The woman returned with hastily scribbled instructions.
Follow Highway 363 to the Louisiana border, where it becomes Louisiana FM 110, go straight until you get to Deshay, Memorial
Oaks nursing home is on the left after the second light.
Deshay, Louisiana. A nursing home. A tremble rose along Whit’s spine.
‘Thanks,’ he said.
‘She’s not in no trouble, is she?’
‘No, I don’t think so,’ Whit lied.
‘ ’Cause she’s a pretty good renter,’ the woman added, as though this were a treasured commodity in Missatuck.
‘Promptness with rent is always to be admired,’ Gooch said. ‘Thanks again.’
The woman shut the door, and they went back to Whit’s Explorer.
‘A nursing home in Deshay,’ Whit said. ‘That’s where that Ballew girl vanished from, the one whose wallet they found outside
of town. Her face has been all over those blue flyers, Claudia mentioned the case to me. It can’t be coincidence.’
They drove thirty miles over the speed limit, zooming into Louisiana.
Deshay was the kind of town repeated ten thousand times across America: an unhealthy selection of fast-food chains, a neon-lit
doughnut shop, a pair of peeling strip centers, a furniture store with plastic-sheeted inventory overflowing into the parking
lot, and five gas stations lining the main road. Memorial Oaks squatted on a corner. Bricks the color of creek dirt lined
the concrete walkways and ill-clipped Japanese boxwoods stood beneath the windows. The home didn’t look dirty or unhealthy,
just glum, a sad coda for lives in their final movements.
‘Despicable the way we treat the elderly in this country,’ Gooch said. ‘When I hit sixty I’m moving my ass to China, where
the old are revered.’
‘I hate nursing homes,’ Whit said under his breath. ‘They’re like parking garages for people.’
‘Would you rather die young? I could call Anson and see if he’ll hook up with us again.’
When they asked at the information counter for Kathy Breaux, the dour receptionist nodded toward a hall that fed off from
the central hub.
‘She’s down in the television room, probably doing a little feeding,’ the woman said.
Gooch whispered to Whit as they walked: ‘A feeding. How evocative. Is there a trough?’
The room was large but fusty, its cornerstone a sparkling new TV that dangled the joys of the outside world.
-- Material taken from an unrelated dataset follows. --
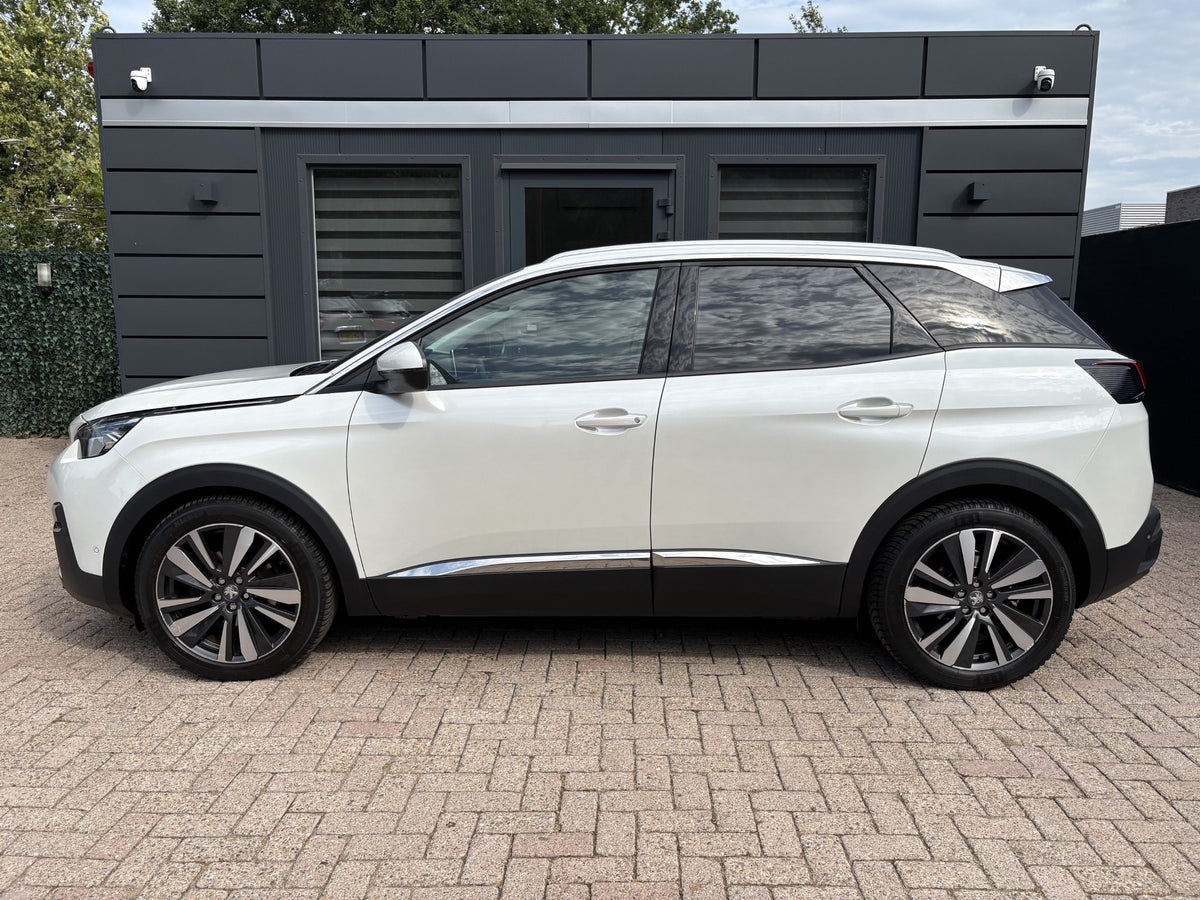 Peugeot 3008 1.2 PureTech Allure | Panoramadak Focal 360° Camera | NAP 2017 | SCHADEVRIJ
A trashy morning
talk show blared from the set, mothers having their mouthy, punk- and Goth-dressing daughters made over into pink-angora debutantes.
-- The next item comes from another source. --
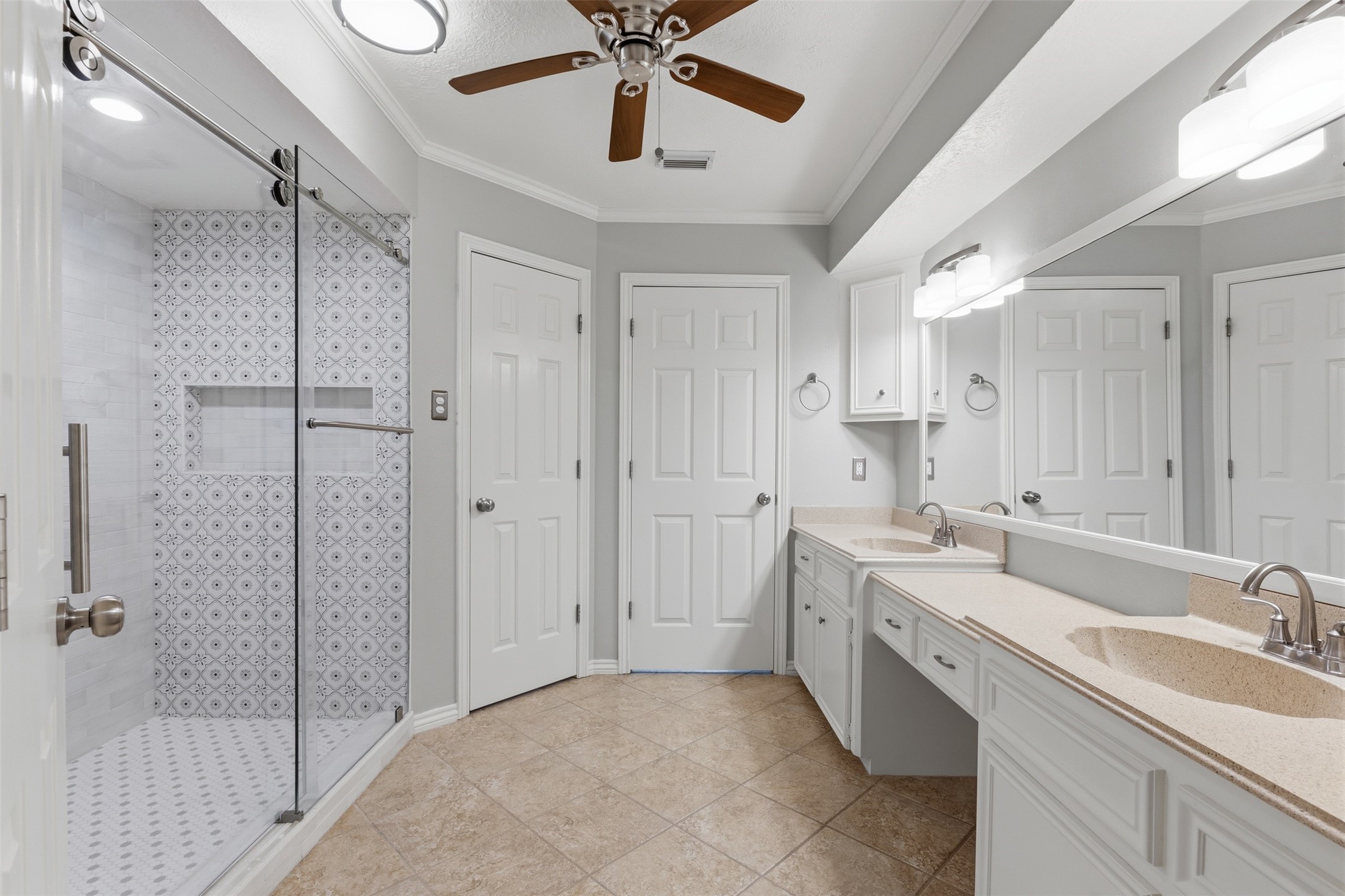 13007 Lemur Lane Property Photo 15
Several patients watched with blank stares fixated on the lives on the television instead of anything else in the depressing
room, blankets covering their laps. An array of shiny black dominoes lay spread out on a table, awaiting players. No nurse
loomed to greet them. One patient, in her early eighties, glanced up at them as they came in and gave them an intelligent
smile. She was reading
The Norton Anthology of English Literature, Volume
2, her bony, mottled finger stuck in the mammoth book, the other hand holding a magnifying glass.
‘Hello, ma’am,’ Whit said. ‘How are you today?’
‘Lovely. How are y’all doing?’
‘We’re fine, ma’am,’ Gooch said. ‘We’re looking for Kathy Breaux.’
The old woman puckered in distaste. ‘Kathy is no doubt outside, sucking a cigarette down to the filter, as I would if she
gave me half the chance. She ought to be back in a minute.’
‘Which way, ma’am?’ Whit asked.
The old woman nodded toward a door that opened into a hallway. Whit thanked her and moved toward the hallway.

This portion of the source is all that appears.